Ben Goettner has been advising me on the subtleties of Unicode and case. The
good news is that there is a whole tech report from the Unicode people on this
issue. The bad news is that the possibility of Unicode does have impact on the
design of basic string operations.
The issues of case-mapping are laid out in Unicode Tech Report 21, which is
short, clear and available on the Web:
(It can be easily read in a few minutes.)
The short summary is that we are dropping two procedures (STRING-UPCASE!
and STRING-DOWNCASE!) and reinstating WORD-CAPITALIZE with a new name
(STRING-TITLECASE) and new semantics.
Here are the issues and their impact on SRFI-13.

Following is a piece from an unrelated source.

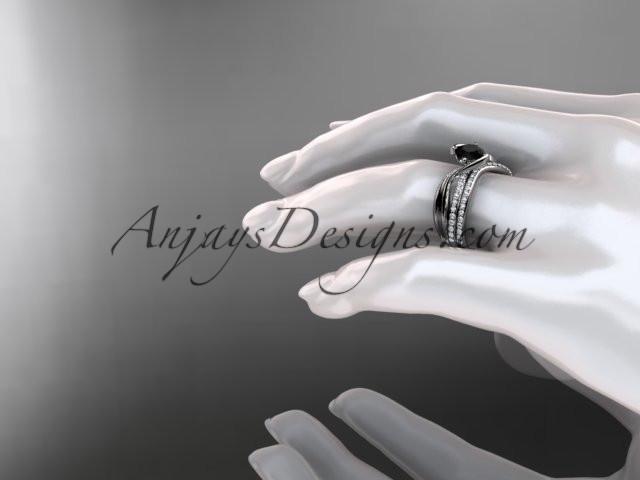 platinum diamond leaf and vine wedding ring, engagement set with a Black Diamond center stone ADLR78S - AnjaysDesigns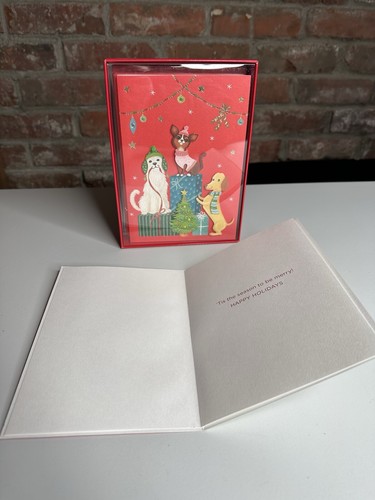 Papyrus Christmas Dogs Boxed Cards Holiday Layered Tree Handmade 8 Count Red New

- Case-mapping requires surrounding context
In Unicode, you can't actually do case-mapping on a single char in
isolation. In a few cases, it requires surrounding context info. For
example, Greek capital sigma downcases to two different chars depending upon
whether it is the final character of a word or not.
STRING-UPCASE & STRING-DOWNCASE use context in a Unicode Scheme. However,
context does not extend beyond the limits of the start/end indices, when
these are supplied.
CHAR-UPCASE and CHAR-DOWNCASE are not in the purview of SRFI-13. However,
this SRFI recommends that these two functions simply choose a reasonable
default for these cases (e.g., the NON_FINAL mapping).
- Titlecase <> uppercase
Unicode defines three kinds of case mapping: lowercase, uppercase, and
titlecase. The difference between uppercasing and titlecasing a character
or character sequence can be seen in compound characters (that is,
a single character that represents a compount of two characters).

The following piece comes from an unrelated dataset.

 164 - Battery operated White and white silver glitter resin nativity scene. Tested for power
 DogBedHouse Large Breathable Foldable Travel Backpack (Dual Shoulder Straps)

For example, in Unicode, character U+01F3 is LATIN SMALL LETTER DZ. (Let us
write this compound character using ASCII as "dz".) This character
uppercases to character U+01F1, LATIN CAPITAL LETTER DZ. (Which is
basically "DZ".) But it titlecases to to character U+01F2, LATIN CAPITAL
LETTER D WITH SMALL LETTER Z. (Which we can write "Dz".)
character uppercase titlecase
--------- --------- ---------
dz DZ Dz
Scheme needs CHAR-TITLECASE and CHAR-TITLECASE? functions, but this is not
in the purview of SRFI-13, which handles strings, not chars.
STRING-CAPITALIZE is required to do the right thing with compound characters
in a Unicode implementation.
We also add STRING-TITLECASE, which uses the Unicode definition
of titlecasing a text string: every character not preceded by a
cased character is titlecased. All other characters are lowercased. E.g.
(string-titlecase "olin g. sHIVERS") => "Olin G. Shivers"
(string-titlecase "Laurence McCullough") => "Laurence Mccullough"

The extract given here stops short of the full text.